Top of DATA TO USE

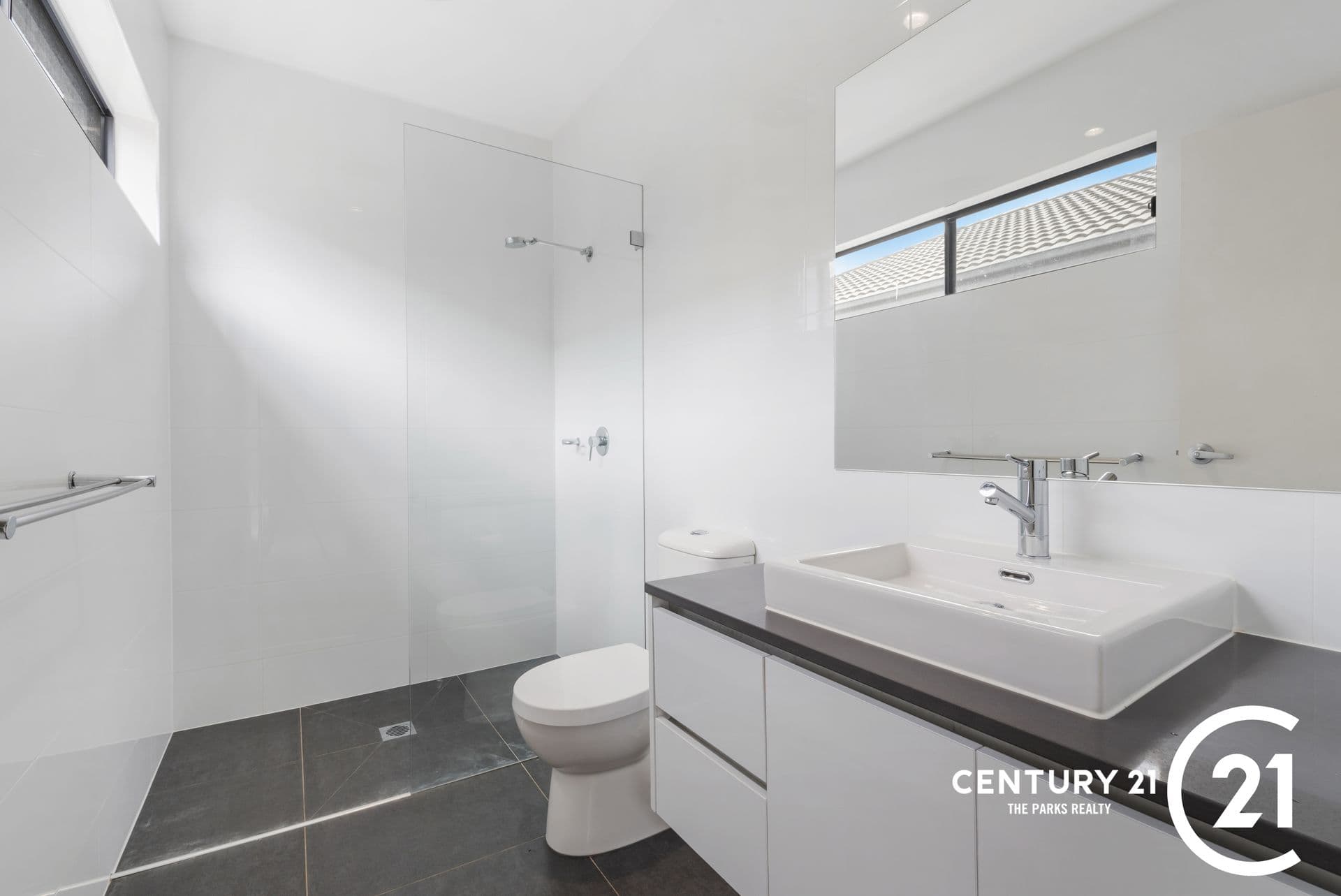 15 Cain Avenue, Gregory Hills, NSW, 2557, Gregory Hills - Thumbnail 6
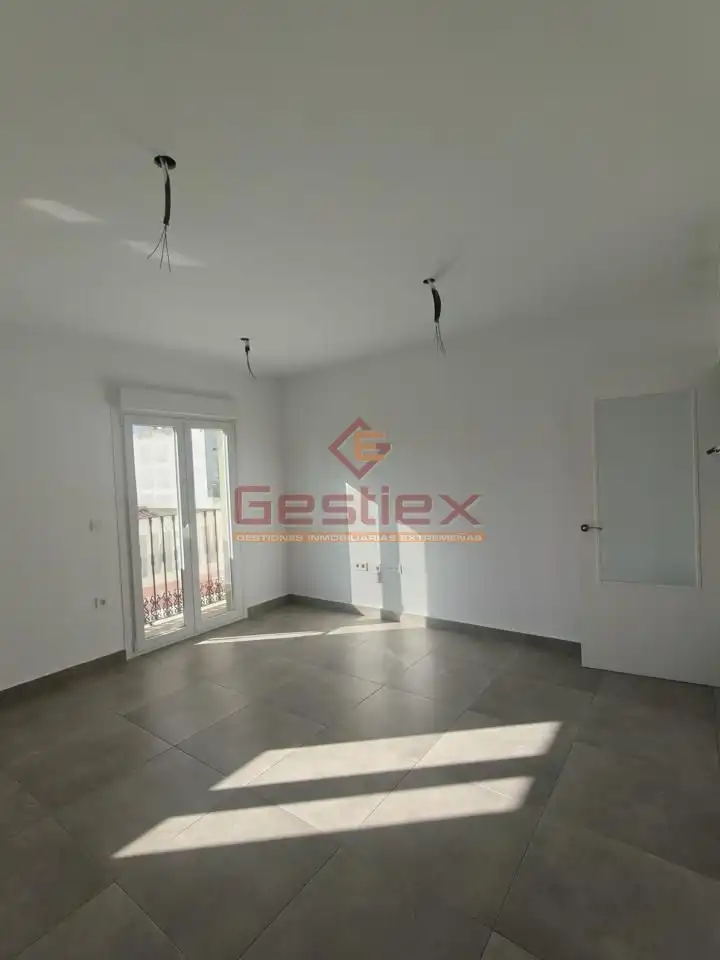 Flat with lift for sale in Almendralejo, imagen 3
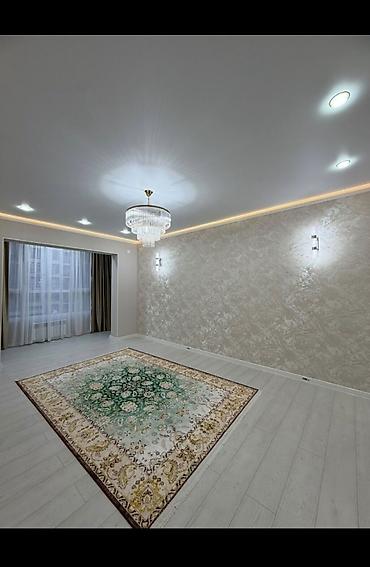 Эьаж-3. 45м2.
ЖК»Аалам Сити»
Рн: Технопарк at lalafo.kg Эьаж-3. 45м2.
ЖК»Аалам Сити»
Рн: Технопарк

Bottom of DATA TO USE

- TASK TO CARRY OUT: What is needed here is each line above set down word for word, minus the images.

- TASK RESPONSE:
 15 Cain Avenue, Gregory Hills, NSW, 2557, Gregory Hills - Thumbnail 6
 Flat with lift for sale in Almendralejo, imagen 3
 Эьаж-3. 45м2.
ЖК»Аалам Сити»
Рн: Технопарк at lalafo.kg Эьаж-3. 45м2.
ЖК»Аалам Сити»
Рн: Технопарк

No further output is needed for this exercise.